### Material shown
※ ※ ※
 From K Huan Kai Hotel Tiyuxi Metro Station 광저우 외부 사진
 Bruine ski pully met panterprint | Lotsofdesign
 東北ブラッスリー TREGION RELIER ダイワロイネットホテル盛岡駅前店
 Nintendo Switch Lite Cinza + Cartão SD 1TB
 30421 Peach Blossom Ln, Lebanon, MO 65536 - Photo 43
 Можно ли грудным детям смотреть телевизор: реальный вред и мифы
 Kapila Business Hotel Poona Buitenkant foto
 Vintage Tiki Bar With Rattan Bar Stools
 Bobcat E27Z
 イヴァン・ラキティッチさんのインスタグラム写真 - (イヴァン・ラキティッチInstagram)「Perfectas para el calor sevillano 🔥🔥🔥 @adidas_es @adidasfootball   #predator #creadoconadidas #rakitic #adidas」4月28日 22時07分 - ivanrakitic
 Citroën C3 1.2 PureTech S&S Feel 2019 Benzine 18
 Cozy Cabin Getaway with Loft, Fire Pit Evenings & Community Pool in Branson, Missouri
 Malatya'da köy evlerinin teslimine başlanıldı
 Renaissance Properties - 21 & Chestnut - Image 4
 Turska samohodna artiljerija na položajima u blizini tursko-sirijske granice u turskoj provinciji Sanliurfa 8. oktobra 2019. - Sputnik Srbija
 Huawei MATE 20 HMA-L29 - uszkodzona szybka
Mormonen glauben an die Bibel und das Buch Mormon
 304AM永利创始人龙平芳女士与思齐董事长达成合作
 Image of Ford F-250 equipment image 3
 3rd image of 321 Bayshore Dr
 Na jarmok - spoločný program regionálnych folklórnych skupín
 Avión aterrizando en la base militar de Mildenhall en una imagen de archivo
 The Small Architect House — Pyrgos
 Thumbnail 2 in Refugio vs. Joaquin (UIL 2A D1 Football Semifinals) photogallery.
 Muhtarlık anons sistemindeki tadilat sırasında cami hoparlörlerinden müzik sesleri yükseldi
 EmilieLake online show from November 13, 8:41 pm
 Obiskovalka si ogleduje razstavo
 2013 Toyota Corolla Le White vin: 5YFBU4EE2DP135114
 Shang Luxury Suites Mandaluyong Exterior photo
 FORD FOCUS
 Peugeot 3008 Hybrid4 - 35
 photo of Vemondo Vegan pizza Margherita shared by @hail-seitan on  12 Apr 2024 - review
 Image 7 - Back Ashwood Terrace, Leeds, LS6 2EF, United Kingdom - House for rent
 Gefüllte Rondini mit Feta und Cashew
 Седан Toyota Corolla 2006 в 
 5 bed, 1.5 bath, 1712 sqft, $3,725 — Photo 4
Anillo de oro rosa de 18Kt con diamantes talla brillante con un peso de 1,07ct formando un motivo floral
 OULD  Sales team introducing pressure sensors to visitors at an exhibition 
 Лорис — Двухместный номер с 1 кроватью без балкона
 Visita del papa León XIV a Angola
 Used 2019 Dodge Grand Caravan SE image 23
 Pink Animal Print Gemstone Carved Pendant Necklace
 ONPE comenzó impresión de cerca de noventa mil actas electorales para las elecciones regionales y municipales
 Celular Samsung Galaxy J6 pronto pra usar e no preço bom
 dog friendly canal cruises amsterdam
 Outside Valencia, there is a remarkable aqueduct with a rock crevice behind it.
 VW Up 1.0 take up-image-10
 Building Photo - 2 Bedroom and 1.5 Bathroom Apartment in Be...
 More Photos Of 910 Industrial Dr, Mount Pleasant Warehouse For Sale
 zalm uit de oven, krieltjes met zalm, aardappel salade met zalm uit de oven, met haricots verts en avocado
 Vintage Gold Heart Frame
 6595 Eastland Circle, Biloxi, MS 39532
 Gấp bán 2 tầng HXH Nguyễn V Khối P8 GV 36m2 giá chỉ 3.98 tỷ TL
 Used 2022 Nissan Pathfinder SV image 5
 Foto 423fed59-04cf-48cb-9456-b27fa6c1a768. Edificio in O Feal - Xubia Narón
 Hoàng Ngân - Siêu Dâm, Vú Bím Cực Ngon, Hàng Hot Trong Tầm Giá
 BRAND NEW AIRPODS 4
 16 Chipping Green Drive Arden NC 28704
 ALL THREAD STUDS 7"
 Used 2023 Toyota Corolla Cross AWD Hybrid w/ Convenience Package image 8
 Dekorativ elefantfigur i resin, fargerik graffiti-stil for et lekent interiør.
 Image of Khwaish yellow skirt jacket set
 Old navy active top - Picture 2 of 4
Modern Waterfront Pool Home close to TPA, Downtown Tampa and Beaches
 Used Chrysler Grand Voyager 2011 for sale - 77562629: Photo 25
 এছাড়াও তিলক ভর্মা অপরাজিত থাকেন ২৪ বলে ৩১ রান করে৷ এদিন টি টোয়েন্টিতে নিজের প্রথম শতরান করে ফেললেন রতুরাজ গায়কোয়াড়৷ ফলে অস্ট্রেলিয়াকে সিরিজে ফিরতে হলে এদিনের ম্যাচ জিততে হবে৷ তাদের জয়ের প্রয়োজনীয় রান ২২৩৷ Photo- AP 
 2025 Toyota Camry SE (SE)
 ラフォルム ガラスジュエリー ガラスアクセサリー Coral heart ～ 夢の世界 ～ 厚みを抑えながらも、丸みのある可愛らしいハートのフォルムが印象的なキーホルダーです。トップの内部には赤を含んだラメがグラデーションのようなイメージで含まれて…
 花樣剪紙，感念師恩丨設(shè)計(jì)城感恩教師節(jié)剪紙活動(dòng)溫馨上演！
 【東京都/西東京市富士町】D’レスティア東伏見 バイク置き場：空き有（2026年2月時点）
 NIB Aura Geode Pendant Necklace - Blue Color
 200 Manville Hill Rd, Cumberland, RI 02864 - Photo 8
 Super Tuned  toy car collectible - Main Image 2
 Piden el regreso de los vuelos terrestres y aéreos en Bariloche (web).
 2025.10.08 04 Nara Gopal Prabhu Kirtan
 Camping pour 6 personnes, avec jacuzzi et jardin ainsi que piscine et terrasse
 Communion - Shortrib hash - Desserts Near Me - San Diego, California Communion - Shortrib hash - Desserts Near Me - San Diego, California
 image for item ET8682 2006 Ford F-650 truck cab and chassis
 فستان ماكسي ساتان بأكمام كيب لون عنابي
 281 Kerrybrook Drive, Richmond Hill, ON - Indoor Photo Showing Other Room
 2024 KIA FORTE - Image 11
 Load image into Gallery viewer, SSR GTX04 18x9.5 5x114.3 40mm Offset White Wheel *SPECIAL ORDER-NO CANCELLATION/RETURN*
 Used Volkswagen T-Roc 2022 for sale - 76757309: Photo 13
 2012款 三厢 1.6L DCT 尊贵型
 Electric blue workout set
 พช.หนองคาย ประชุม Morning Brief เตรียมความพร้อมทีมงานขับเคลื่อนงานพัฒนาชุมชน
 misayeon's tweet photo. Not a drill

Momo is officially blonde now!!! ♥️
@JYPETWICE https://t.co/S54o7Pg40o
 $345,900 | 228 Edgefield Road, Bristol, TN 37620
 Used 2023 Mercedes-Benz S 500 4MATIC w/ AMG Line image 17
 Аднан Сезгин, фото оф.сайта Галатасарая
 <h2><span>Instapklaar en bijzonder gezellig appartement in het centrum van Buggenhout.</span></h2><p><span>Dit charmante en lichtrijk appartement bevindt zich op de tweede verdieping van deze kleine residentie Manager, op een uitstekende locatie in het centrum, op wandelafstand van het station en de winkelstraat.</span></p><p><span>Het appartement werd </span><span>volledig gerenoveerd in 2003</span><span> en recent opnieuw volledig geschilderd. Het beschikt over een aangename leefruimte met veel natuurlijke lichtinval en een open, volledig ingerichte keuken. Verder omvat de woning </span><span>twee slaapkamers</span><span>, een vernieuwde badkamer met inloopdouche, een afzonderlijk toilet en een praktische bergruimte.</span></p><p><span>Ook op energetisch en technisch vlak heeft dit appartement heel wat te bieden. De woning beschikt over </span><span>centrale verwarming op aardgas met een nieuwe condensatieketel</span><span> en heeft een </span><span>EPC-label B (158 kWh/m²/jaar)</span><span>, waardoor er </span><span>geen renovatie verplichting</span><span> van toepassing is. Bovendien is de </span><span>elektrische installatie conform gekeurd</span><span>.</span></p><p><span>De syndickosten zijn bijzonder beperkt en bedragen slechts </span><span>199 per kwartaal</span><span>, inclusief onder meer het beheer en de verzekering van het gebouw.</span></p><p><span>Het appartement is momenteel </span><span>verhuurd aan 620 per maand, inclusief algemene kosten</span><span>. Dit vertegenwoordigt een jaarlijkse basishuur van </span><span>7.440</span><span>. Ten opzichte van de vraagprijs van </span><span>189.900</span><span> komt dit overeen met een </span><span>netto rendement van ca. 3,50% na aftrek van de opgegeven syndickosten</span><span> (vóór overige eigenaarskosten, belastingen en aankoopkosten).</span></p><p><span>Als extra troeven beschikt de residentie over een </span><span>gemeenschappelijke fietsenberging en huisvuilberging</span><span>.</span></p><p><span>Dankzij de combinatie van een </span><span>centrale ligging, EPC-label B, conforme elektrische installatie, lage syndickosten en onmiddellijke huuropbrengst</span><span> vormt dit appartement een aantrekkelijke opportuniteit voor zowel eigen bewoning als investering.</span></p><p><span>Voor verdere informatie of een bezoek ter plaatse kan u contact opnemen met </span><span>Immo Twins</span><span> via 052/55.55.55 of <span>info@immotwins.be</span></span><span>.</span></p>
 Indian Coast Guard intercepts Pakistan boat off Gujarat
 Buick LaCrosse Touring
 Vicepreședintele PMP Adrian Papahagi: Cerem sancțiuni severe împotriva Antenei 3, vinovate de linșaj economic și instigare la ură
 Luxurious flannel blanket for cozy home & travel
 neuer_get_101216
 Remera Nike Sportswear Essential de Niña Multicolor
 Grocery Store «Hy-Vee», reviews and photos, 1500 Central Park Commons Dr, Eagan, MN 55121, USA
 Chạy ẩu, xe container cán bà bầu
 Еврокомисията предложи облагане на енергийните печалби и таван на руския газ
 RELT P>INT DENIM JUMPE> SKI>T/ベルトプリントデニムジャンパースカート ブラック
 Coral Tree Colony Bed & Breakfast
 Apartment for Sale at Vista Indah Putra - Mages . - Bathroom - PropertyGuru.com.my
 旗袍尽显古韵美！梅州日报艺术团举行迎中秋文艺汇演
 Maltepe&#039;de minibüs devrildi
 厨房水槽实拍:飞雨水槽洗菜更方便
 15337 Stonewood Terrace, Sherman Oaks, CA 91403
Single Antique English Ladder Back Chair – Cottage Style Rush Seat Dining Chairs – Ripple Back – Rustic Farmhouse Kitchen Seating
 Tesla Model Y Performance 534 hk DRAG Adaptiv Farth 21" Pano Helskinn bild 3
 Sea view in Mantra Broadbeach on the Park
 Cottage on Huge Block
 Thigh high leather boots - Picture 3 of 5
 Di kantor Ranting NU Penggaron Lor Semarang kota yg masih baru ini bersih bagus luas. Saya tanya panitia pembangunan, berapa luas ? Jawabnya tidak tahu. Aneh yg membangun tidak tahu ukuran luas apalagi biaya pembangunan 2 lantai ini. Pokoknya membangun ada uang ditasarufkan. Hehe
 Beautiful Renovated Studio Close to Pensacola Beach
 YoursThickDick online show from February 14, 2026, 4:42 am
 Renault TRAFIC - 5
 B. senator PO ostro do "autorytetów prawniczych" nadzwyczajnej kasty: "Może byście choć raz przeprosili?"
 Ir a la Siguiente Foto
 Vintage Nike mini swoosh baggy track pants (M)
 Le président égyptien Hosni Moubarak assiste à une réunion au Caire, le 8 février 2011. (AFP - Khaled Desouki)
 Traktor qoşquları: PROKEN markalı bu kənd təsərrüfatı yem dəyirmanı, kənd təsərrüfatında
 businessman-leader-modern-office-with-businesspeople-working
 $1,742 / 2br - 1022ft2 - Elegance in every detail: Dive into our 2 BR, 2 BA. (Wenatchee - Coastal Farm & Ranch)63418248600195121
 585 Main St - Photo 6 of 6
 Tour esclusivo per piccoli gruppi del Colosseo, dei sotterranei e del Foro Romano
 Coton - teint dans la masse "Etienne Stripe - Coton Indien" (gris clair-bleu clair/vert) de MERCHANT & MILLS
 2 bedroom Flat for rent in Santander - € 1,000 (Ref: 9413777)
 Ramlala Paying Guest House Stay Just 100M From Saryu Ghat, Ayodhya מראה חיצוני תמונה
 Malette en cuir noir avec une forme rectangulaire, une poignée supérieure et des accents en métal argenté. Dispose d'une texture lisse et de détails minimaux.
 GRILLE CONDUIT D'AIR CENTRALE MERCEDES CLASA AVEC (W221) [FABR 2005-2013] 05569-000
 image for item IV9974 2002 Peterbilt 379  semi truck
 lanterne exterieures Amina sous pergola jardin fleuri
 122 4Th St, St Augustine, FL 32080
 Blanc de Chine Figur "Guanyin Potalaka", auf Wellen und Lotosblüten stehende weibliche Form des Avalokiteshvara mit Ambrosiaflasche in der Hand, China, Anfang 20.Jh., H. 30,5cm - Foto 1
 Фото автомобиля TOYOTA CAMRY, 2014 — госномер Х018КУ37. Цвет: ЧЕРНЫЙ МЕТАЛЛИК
※ ※ ※
### Task description
Among the entries above, how many lines contain the string "Main"? Only the number should be given.

### Reply to the task
2